Output every line below as it stands, dropping only the images.

→ **Supplied material**:
####################
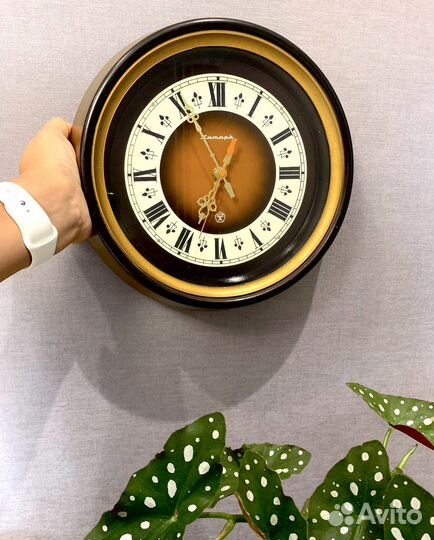 Часы настенные СССР янтарь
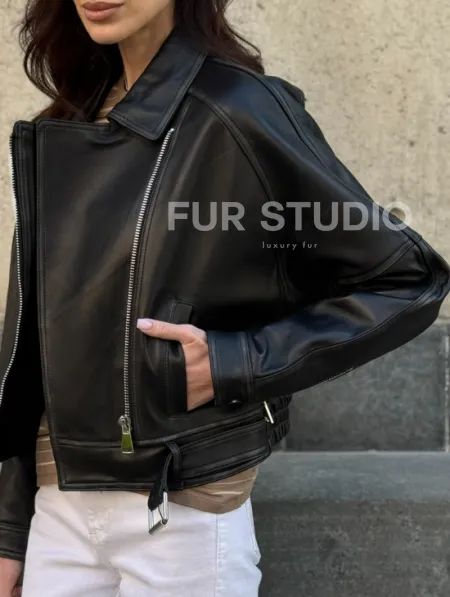 Кожаная куртка в стиле Casual - фото 2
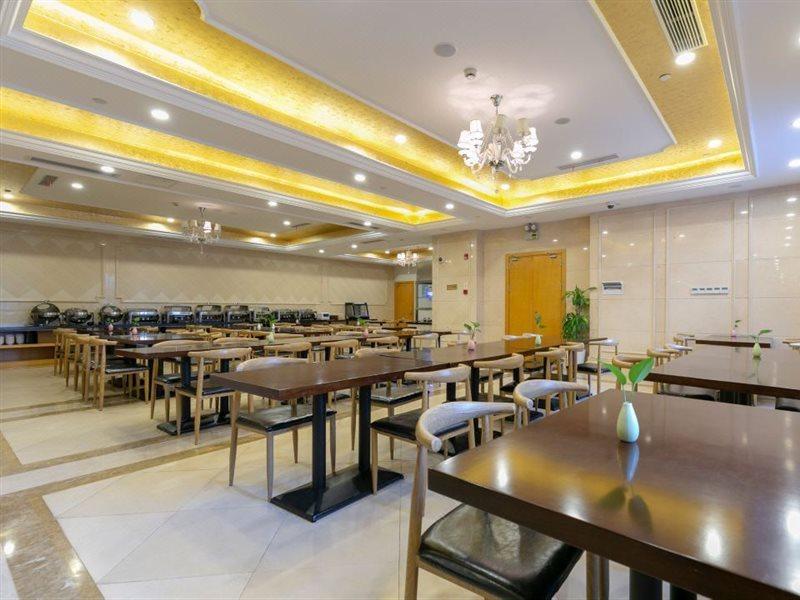 Vienna International Hotel Shanghai Pudong New International Exbition Central Bagian luar foto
####################
→ **Reply**:
 Часы настенные СССР янтарь
 Кожаная куртка в стиле Casual - фото 2
 Vienna International Hotel Shanghai Pudong New International Exbition Central Bagian luar foto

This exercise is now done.